Seperti yang telah sedikit disinggung di awal, bahwa Imam Hanafi memiliki metode atau cara mengajar yang khusus untuk muridnya yang telah tergolong dewasa. Di mana beliau tidak menyuruh para muridnya untuk begitu saja mengikuti perkataan beliau.

Para murid Imam Hanafi diajari cara kepemimpinan dan dilatih menjadi orang yang berpikir merdeka. Selanjutnya, mereka diberikan keleluasaan untuk berpendapat agar terlepas dari segala kungkungan dan jeratan yang akan mengikat serta mengkungkung kecerdasan otak mereka.

Berdasarkan metode di atas, maka murid-murid Imam Hanafi dapat meneliti serta membahas hukum-hukum agama dengan baik dan luas. Sehingga pada akhirnya, mereka mengerti dan mengikuti metode kepemimpinan Allah SWT dan Rasulullah SAW untuk memahami fenomena alam semesta, seperti fenomena pergantian siang dan malam.

Imam Hanafi memposisikan hubungan antara dirinya dengan murid-muridnya hanya sebagai pengajar (guru) kepada pelajar (murid).
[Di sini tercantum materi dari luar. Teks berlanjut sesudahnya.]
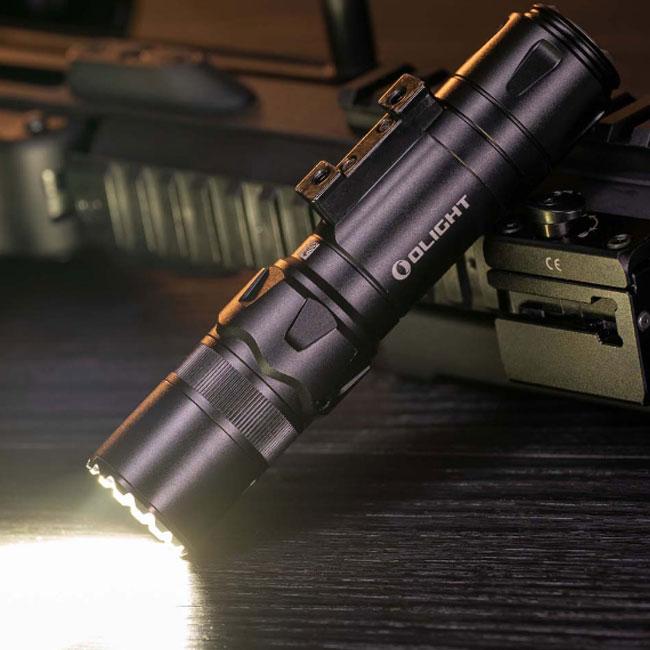 OLIGHT(オーライト)Odin GL Mini 緑のレーザー タクティカルライト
Hal tersebut dimaksudkan agar para murid tidak merasa sungkan untuk berbeda pendapat ataupun pemikiran dengan Imam Hanafi.

Pada umumnya, para murid Imam Hanafi diberi kemerdekaan untuk berpikir, untuk memecahkan soal-soal, dan sesekali diperkenankan membantah pelajaran atau pendapat beliau mengenai segala masalah yang kiranya terasa menyalahi wahyu ilahi atau berlawanan dengan hadits Nabi saw.. Akan tetapi, hal tersebut harus disertai dengan penelitian akal yang bersih dari segala macam pengaruh.
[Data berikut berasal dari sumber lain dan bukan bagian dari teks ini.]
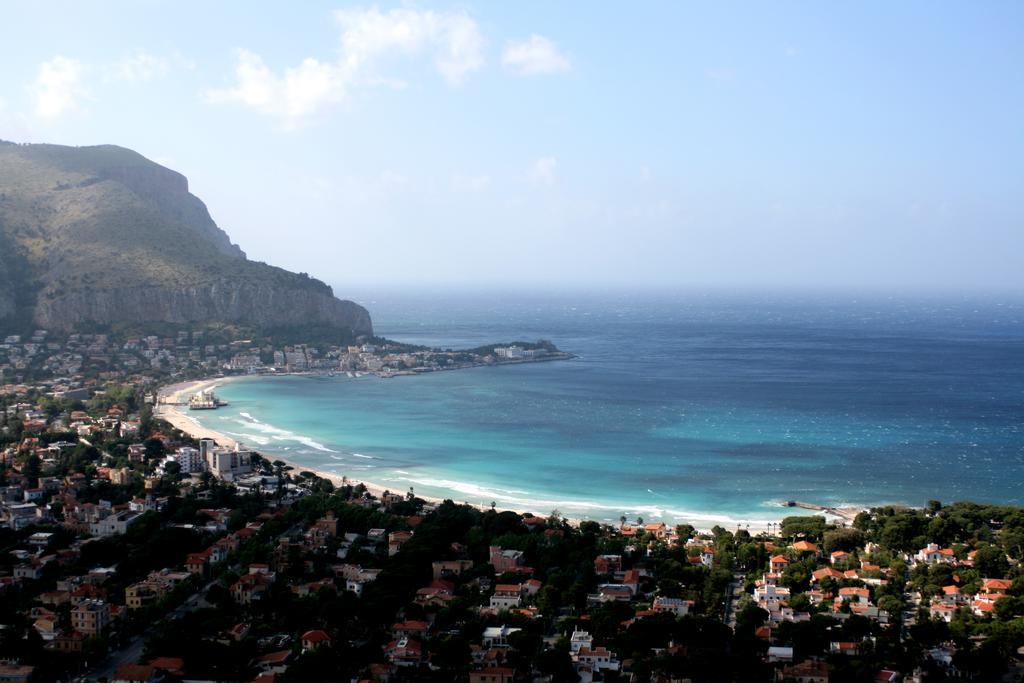 La Casetta Del Turista Palermo Exterior photo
Menurut Imam Muhammad bin Hasan dalam sebuah riwayat dikatakan, “Imam Abu Hanifah seringkali ber-munadharah, ber-mubahatsah, bertukar pikiran dan berunding kepada para murid atau para sahabat beliau yang terdekat, tentang soal-soal hukum dengan secara merdeka dan para murid beliau pun membantahnya dan menolak alasan-alasan yang dikemukakan oleh beliau”.

Jadi, secara sederhana Imam Hanafi mengajar melalui dua metode, yaitu metode ber-munadharah (sistem belajar yang menyerupai diskusi bersama atau musyawarah), dan metode ber-mubahatsah; caranya dengan dua sampai lima orang duduk melingkar membahas satu pelajaran yang sama dan saling bergantian menjelaskan apa yang mereka pahami dari pelajaran yang diberikan.

Kecerdasan yang dimiliki oleh Imam Hanafi terdengar hingga Raja Harun ar-Rasyid, dan seketika itu pun Sang Raja berkata bahwa “Abu Hanifah adalah orang yang dapat melihat suatu barang dengan akalnya, sementara mata kepalanya tidak dapat melihatnya”.

Berkat kecerdasan Imam Hanafi, beliau menulis banyak karya yang telah dibagi menjadi tiga bagian atau tingkatan. Tingkatan pertama dinamakan “Masa-ilu-ushul”; tingkatan kedua dinamakan “Masa-ilu-nawadhir”; dan tingkatan ketiga dinamakan “Al-Fatawa wal Waqi’at”.

Pada usia 70 tahun, Imam Hanafi menghembuskan nafas terakhirnya. Beliau wafat pada bulan Rajab tahun 150 Hijriah (767 M), dan di tahun yang sama lahir lah Imam Syafi’i. Al-Khaizaran di kota Baghdad menjadi tempat pengistirahatan terakhir Sang Imam Madzhab.